Short descriptive text snippets
--- START ---
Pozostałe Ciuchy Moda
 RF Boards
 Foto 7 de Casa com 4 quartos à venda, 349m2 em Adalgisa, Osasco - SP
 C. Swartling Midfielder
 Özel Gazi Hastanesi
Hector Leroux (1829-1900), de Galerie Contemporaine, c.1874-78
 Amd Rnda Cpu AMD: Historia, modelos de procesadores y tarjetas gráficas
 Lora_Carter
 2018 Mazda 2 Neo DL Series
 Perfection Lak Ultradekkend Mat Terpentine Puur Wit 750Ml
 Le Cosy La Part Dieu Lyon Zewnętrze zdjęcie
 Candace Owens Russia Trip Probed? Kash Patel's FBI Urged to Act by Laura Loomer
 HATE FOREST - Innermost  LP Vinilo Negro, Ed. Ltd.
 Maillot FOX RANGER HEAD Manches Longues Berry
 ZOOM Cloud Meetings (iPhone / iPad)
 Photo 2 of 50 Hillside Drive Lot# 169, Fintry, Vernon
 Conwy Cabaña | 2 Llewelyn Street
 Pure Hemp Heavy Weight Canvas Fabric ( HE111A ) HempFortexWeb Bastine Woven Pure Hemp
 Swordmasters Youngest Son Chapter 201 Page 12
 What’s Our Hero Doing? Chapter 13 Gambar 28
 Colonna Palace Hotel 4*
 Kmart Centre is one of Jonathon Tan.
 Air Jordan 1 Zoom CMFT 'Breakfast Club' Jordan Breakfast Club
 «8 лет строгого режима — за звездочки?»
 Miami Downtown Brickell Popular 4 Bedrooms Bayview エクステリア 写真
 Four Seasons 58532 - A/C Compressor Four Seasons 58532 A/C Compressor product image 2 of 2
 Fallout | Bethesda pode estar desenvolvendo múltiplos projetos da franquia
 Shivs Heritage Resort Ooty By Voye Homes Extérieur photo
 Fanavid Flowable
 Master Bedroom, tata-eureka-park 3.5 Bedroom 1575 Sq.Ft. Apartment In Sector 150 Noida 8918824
--- END ---
▶ [WHAT TO WORK ON]
Output only an exact transcription of the lines above from the one with "Özel Gazi Hastanesi" up to and including the one with "лет строгого режима".

▶ [SOLUTION FOR THIS TASK]
 Özel Gazi Hastanesi
Hector Leroux (1829-1900), de Galerie Contemporaine, c.1874-78
 Amd Rnda Cpu AMD: Historia, modelos de procesadores y tarjetas gráficas
 Lora_Carter
 2018 Mazda 2 Neo DL Series
 Perfection Lak Ultradekkend Mat Terpentine Puur Wit 750Ml
 Le Cosy La Part Dieu Lyon Zewnętrze zdjęcie
 Candace Owens Russia Trip Probed? Kash Patel's FBI Urged to Act by Laura Loomer
 HATE FOREST - Innermost  LP Vinilo Negro, Ed. Ltd.
 Maillot FOX RANGER HEAD Manches Longues Berry
 ZOOM Cloud Meetings (iPhone / iPad)
 Photo 2 of 50 Hillside Drive Lot# 169, Fintry, Vernon
 Conwy Cabaña | 2 Llewelyn Street
 Pure Hemp Heavy Weight Canvas Fabric ( HE111A ) HempFortexWeb Bastine Woven Pure Hemp
 Swordmasters Youngest Son Chapter 201 Page 12
 What’s Our Hero Doing? Chapter 13 Gambar 28
 Colonna Palace Hotel 4*
 Kmart Centre is one of Jonathon Tan.
 Air Jordan 1 Zoom CMFT 'Breakfast Club' Jordan Breakfast Club
 «8 лет строгого режима — за звездочки?»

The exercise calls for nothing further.